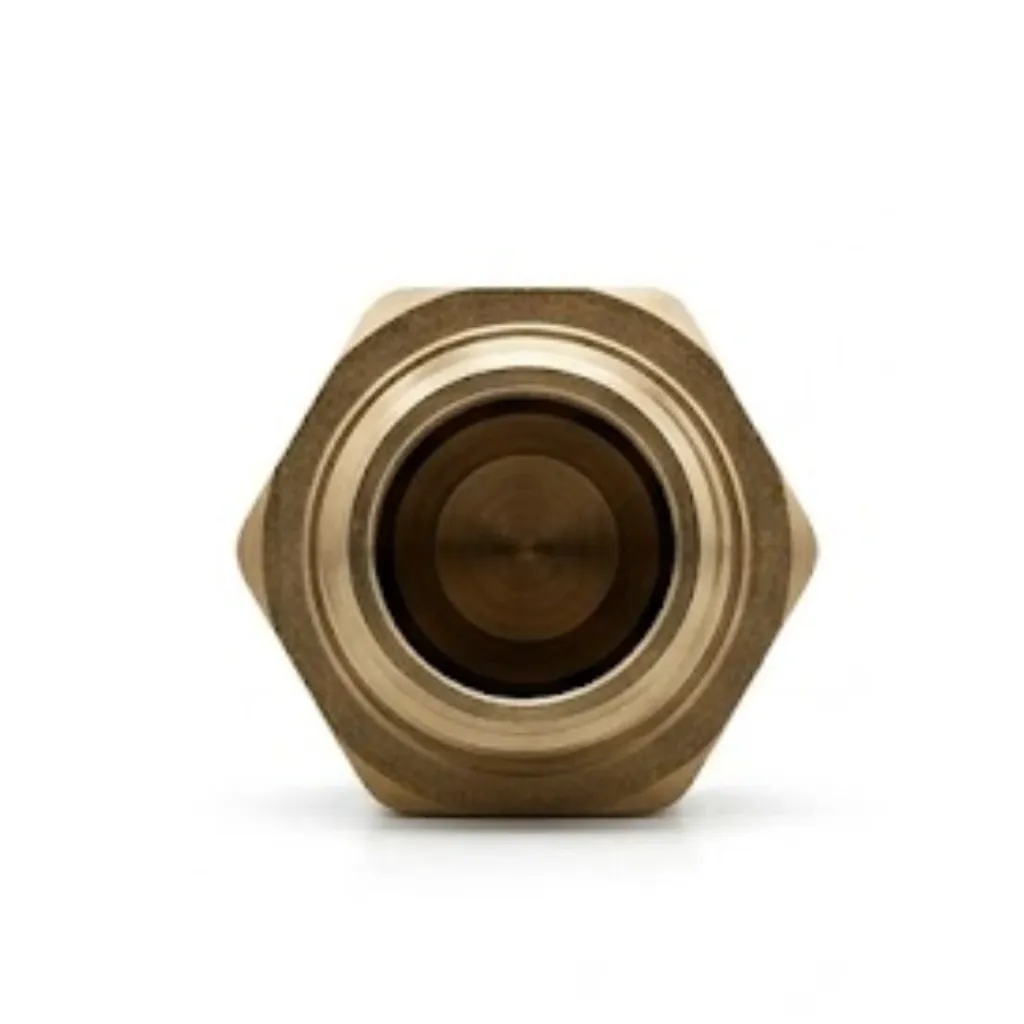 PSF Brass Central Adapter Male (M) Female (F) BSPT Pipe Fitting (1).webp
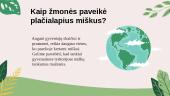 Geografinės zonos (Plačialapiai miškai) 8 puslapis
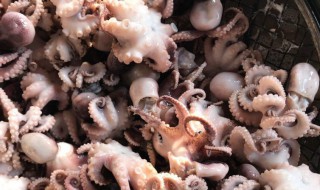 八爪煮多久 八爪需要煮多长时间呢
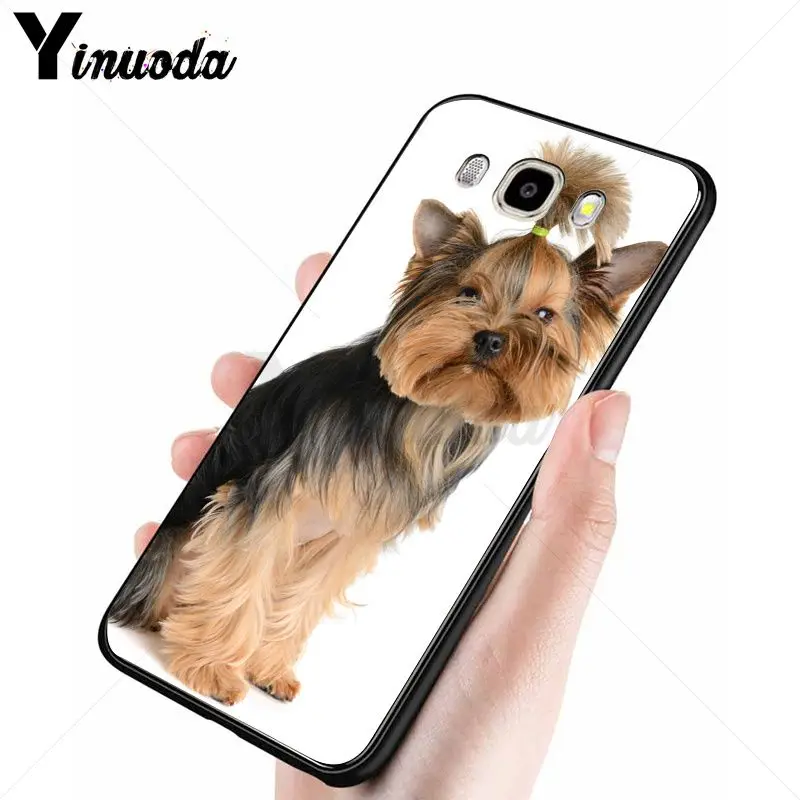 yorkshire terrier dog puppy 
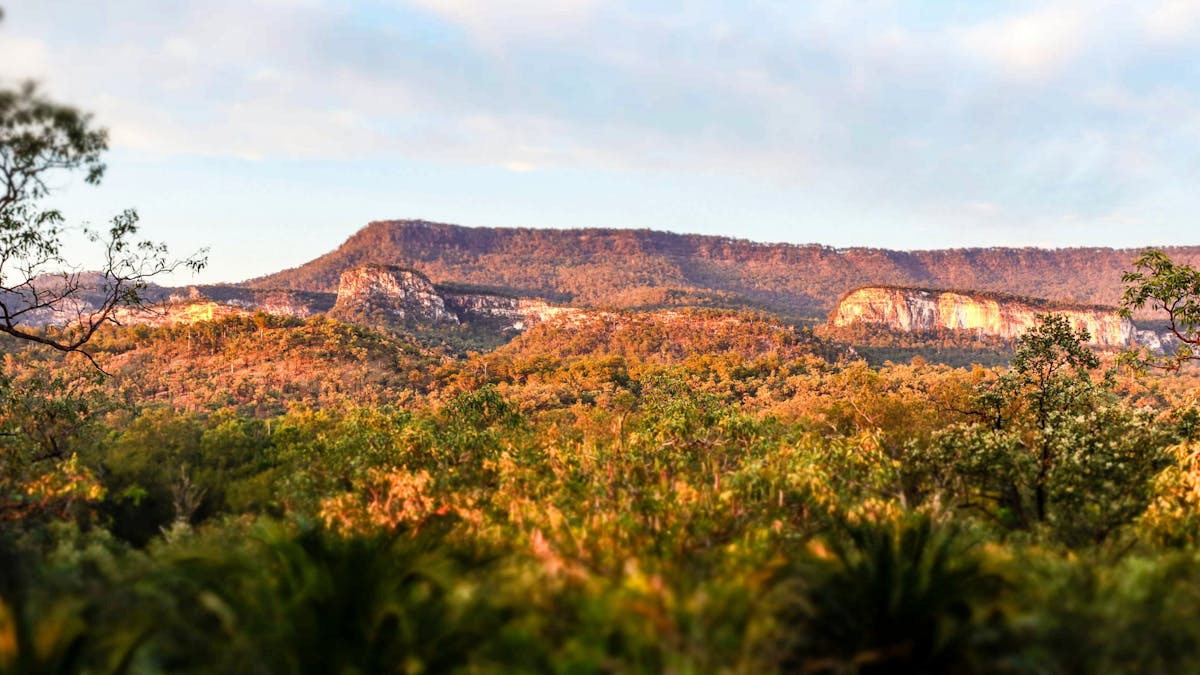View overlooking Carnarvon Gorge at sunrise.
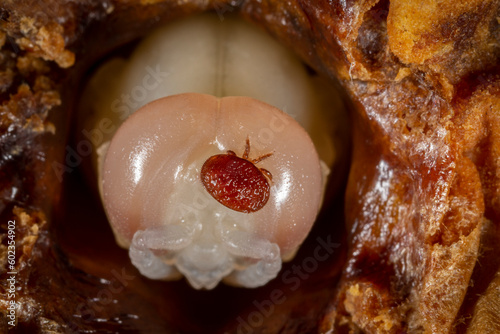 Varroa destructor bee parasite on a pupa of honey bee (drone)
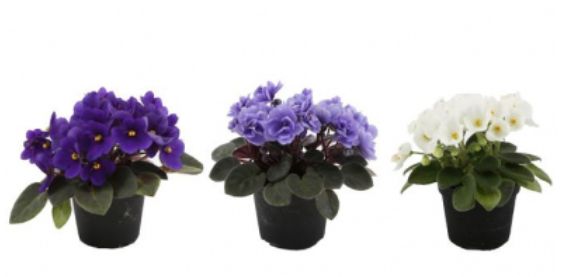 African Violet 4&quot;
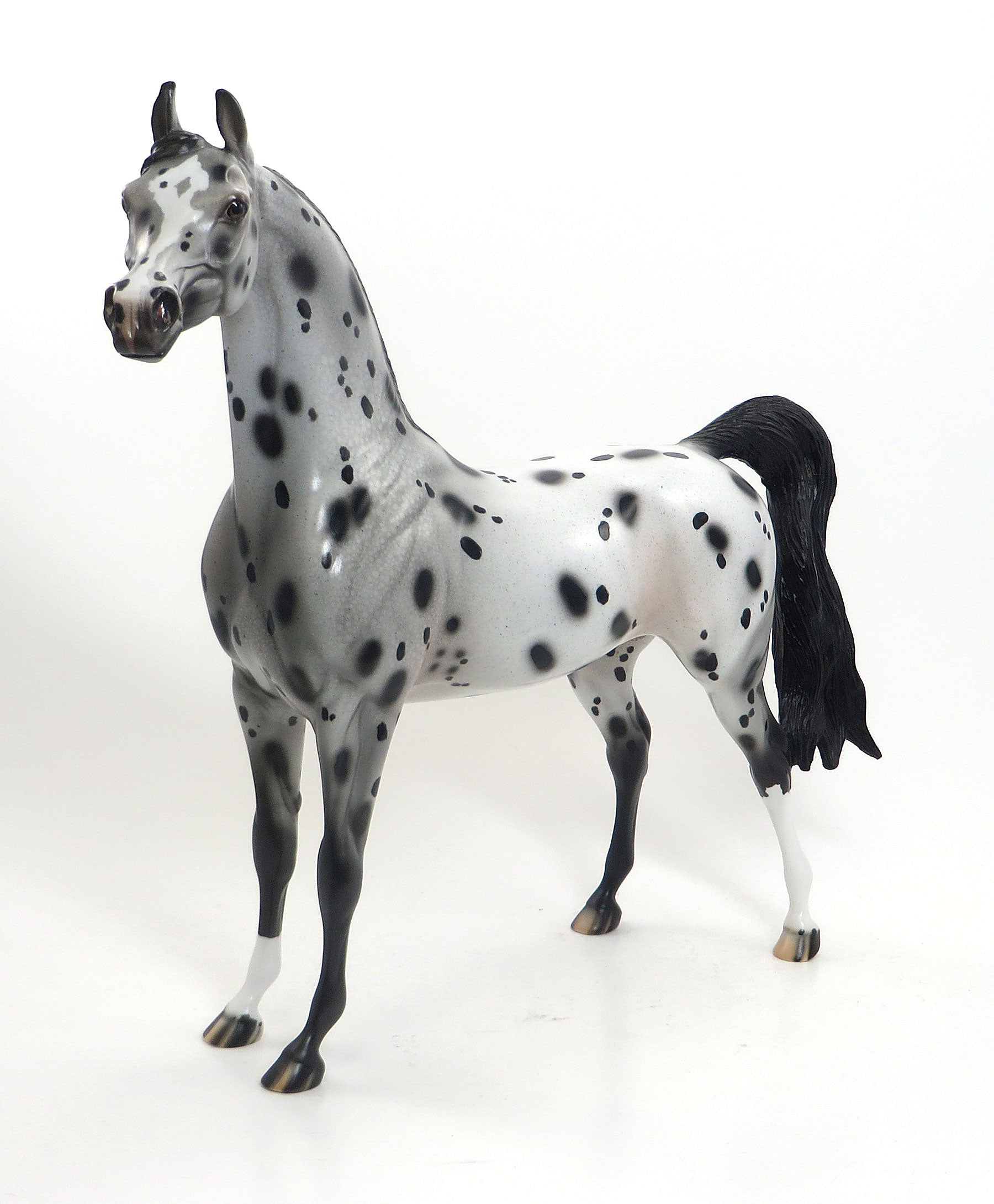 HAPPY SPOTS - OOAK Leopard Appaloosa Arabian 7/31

-------------------------

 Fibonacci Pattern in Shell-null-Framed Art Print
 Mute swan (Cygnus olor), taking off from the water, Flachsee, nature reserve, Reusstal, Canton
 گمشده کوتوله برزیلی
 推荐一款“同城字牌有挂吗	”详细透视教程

-------------------------

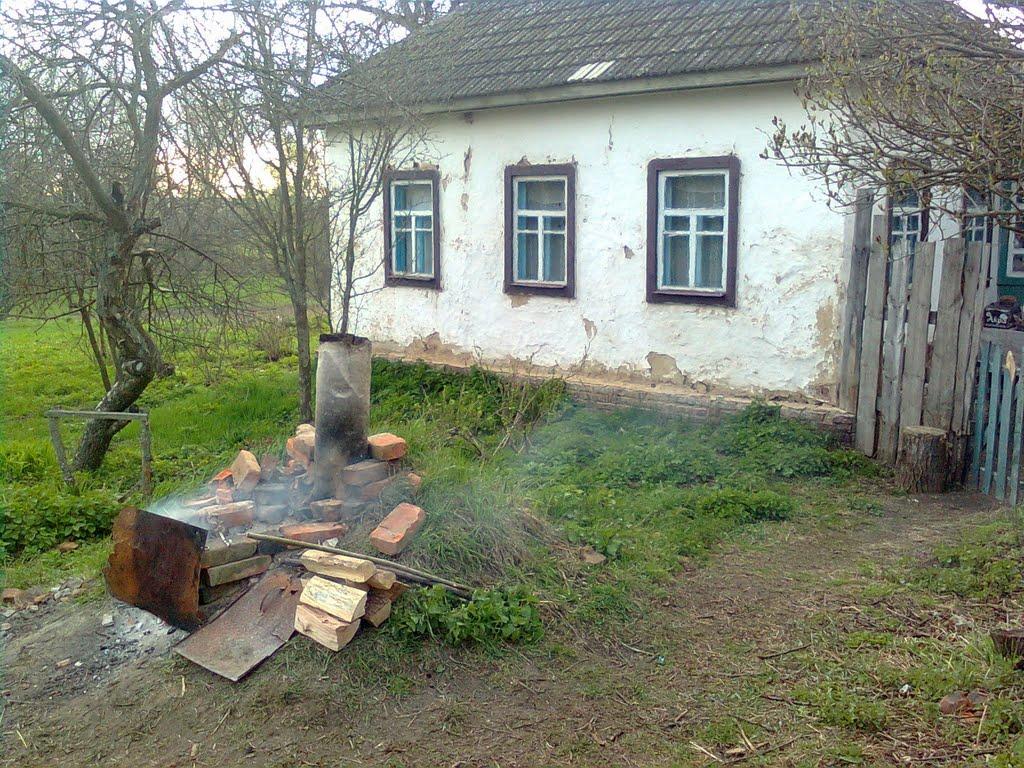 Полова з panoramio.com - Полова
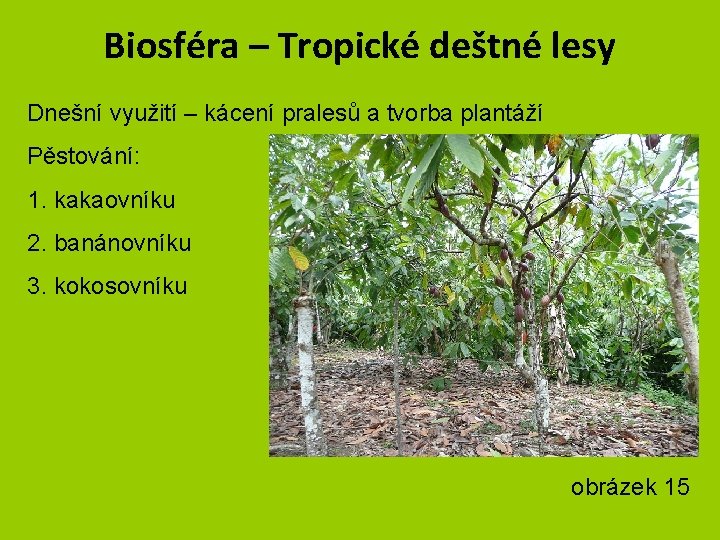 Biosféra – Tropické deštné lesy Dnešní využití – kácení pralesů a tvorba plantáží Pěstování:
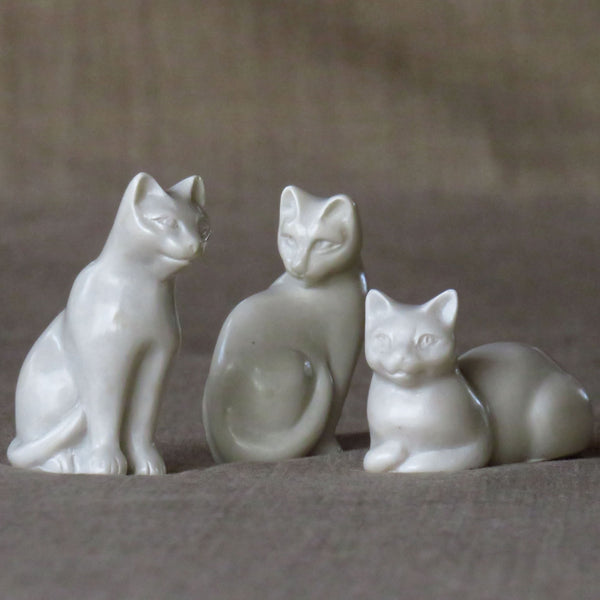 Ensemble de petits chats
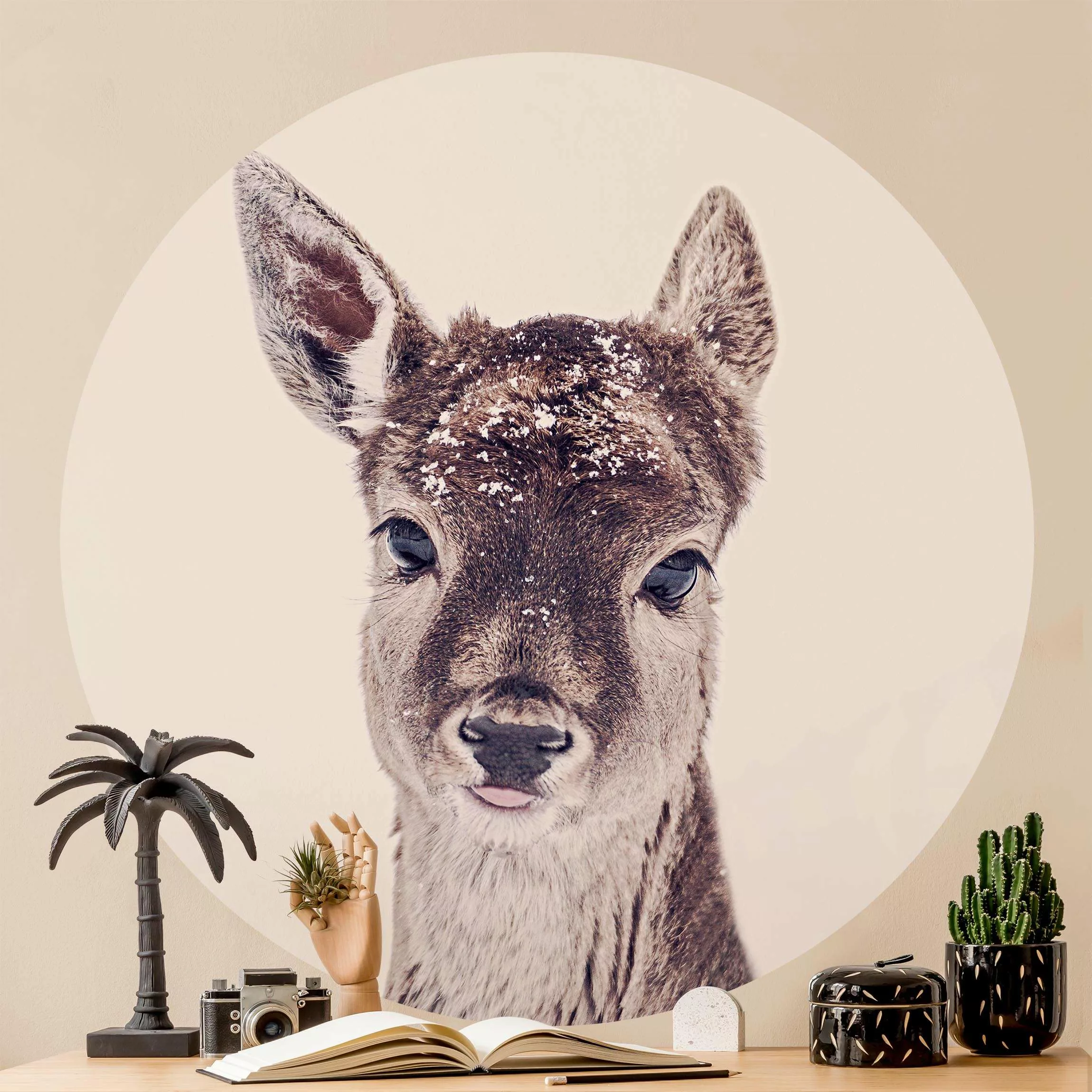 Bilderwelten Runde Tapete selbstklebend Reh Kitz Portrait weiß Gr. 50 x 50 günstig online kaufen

-------------------------

What to work on: Exactly the lines above, from the one containing "八爪煮多久 八爪需要煮多长时间呢" down to the one containing "HAPPY SPOTS - OOAK", are to be repeated, including both ends. Pictures are not part of the copy.

Result of this exercise:
 八爪煮多久 八爪需要煮多长时间呢
 yorkshire terrier dog puppy 
View overlooking Carnarvon Gorge at sunrise.
 Varroa destructor bee parasite on a pupa of honey bee (drone)
 African Violet 4&quot;
 HAPPY SPOTS - OOAK Leopard Appaloosa Arabian 7/31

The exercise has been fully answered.